Wall Street gained on Tuesday, with the S&P 500, Dow Industrial Average and the Russell 2000 setting record closing highs, as technology stocks bounced back and investors positioned for an expected Federal Reserve interest rate hike.
The S&P 500 technology sector rose 0.9 percent, recovering from its largest two-day decline in nearly a year that also weighed on the broader market. Big tech names, such as Microsoft and Facebook, pushed the S&P 500 higher.
Tech has led the benchmark S&P 500’s 9-percent rally this year, and its recent swoon has sparked speculation that investors may be rotating into other swaths of the market that have lagged in 2017, such as financials and energy.
The financial sector gained 0.4 percent on Tuesday, while energy gained 0.7 percent. Materials were the top gaining sector, rising 1.3 percent.
Traders are overwhelmingly expecting an interest rate increase when the Fed concludes its two-day meeting on Wednesday. The central bank is scheduled to release its decision at 2 p.m. on Wednesday with a news conference to follow from Fed Chair Janet Yellen.
Financials, which tend to benefit when rates are rising, were higher after the Treasury Department announced a plan to upend the country’s financial regulatory framework, which would grant many items on Wall Street’s wish list.

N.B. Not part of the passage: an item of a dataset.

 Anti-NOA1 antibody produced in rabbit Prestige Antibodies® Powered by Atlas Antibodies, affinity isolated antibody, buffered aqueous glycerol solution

In corporate news, Cheesecake Factory (CAKE.O) shares fell 9.9 percent after the restaurant chain warned of a decline in comparable store sales.
Approximately 6.4 billion shares changed hands on the major domestic equity exchanges, a number that was below with the 6.8 billion share daily average over the last 20 sessions.

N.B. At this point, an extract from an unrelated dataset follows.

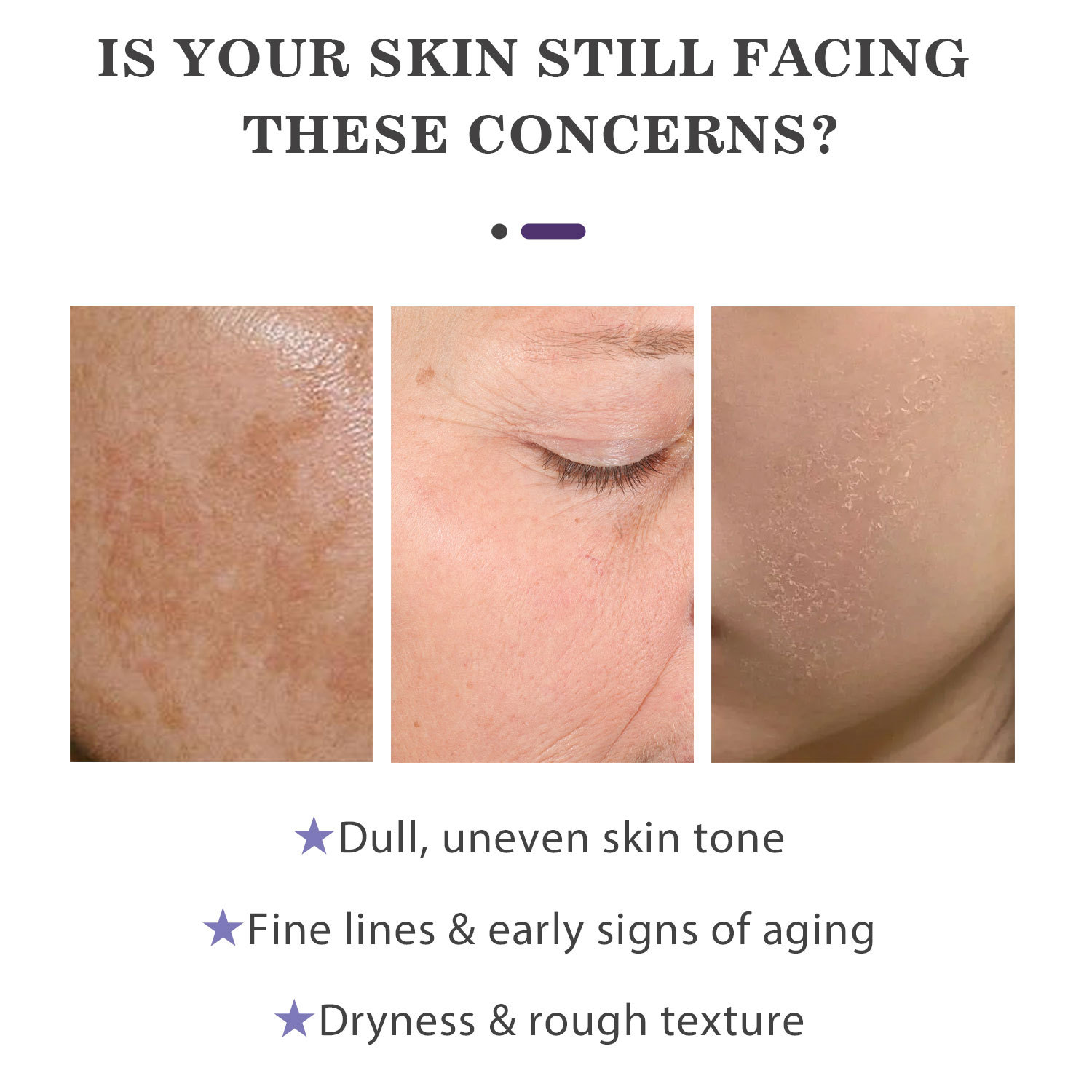 FP-F027NAD+PDRN??????_02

Producer Price Index Unchanged
Producer prices were unchanged in May as energy costs recorded their biggest decline in more than a year, suggesting inflation pressures were easing after rising at the start of the year.
Signs of abating inflation came as Federal Reserve officials prepared to gather for a two-day policy meeting on Tuesday. The U.S. central bank is expected to raise interest rates at the end of the meeting on Wednesday, but weakening inflation could limit the scope for further monetary policy tightening this year.

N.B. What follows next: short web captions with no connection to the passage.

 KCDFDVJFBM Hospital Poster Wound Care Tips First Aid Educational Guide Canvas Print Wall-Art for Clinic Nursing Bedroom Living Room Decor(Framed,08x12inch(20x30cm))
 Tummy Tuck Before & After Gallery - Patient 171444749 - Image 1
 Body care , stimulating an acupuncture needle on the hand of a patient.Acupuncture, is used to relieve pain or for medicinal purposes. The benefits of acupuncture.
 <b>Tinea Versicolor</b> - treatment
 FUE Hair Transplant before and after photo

The Labor Department said last month’s unchanged reading in its producer price index for final demand followed a 0.5 percent increase during April. In the 12 months through May the PPI increased 2.4 percent, retreating from April’s 2.5 percent surge, which was the biggest yearly increase since February 2012.
Last month’s inflation readings were broadly in line with economists’ expectations.
The Fed has a 2 percent inflation target and tracks a measure that is currently at 1.5 percent. The central bank raised its benchmark overnight interest rate by 25 basis points in March.
The dollar’s fading rally and rising oil prices boosted producer prices at the start of the year. However, oil prices have retreated in recent weeks, putting a lid on producer inflation.
Energy prices fell 3.0 percent last month, the biggest drop since February 2016, after rising 0.8 percent in April. The cost of gasoline declined 11.2 percent in May, which was also the largest drop since February of last year.
Because of weak energy prices, the cost of goods fell 0.5 percent, reversing April’s 0.5 percent increase. At the same time, prices for services rose 0.3 percent last month, driven by a 1.1 percent surge in the index for final demand trade services, which measures changes in margins received by wholesalers and retailers. Services rose 0.4 percent in April.
Half of the increase in services last month was driven by margins for fuels and lubricants retailing, which rose 16.1 percent. There were also increases in margins for apparel retailing, machinery and equipment wholesaling and automobiles and parts retailing.
However, the cost of renting a guest room fell a record 5.2 percent. Food prices fell 0.2 percent as prices of fresh fruits and melons recorded their biggest drop since June 2010. But the cost of beef and veal increased by the most since July 2008.
Food prices surged 0.9 percent in April.
A key gauge of underlying producer price pressures that excludes food, energy and trade services fell 0.1 percent last month, the first decline in a year. The so-called core PPI rose 0.7 percent in April.
The core PPI increased 2.1 percent in the 12 months through May after a similar gain in April.
The cost of healthcare services fell 0.1 percent last month after being unchanged in April. The cost of inpatient healthcare services dropped 0.2 percent last month after a similar decrease in April.
Outpatient care prices rose 0.2 percent, while physician care edged up 0.1 percent. Those costs feed into the Fed’s preferred inflation measure, the core personal consumption expenditures price index.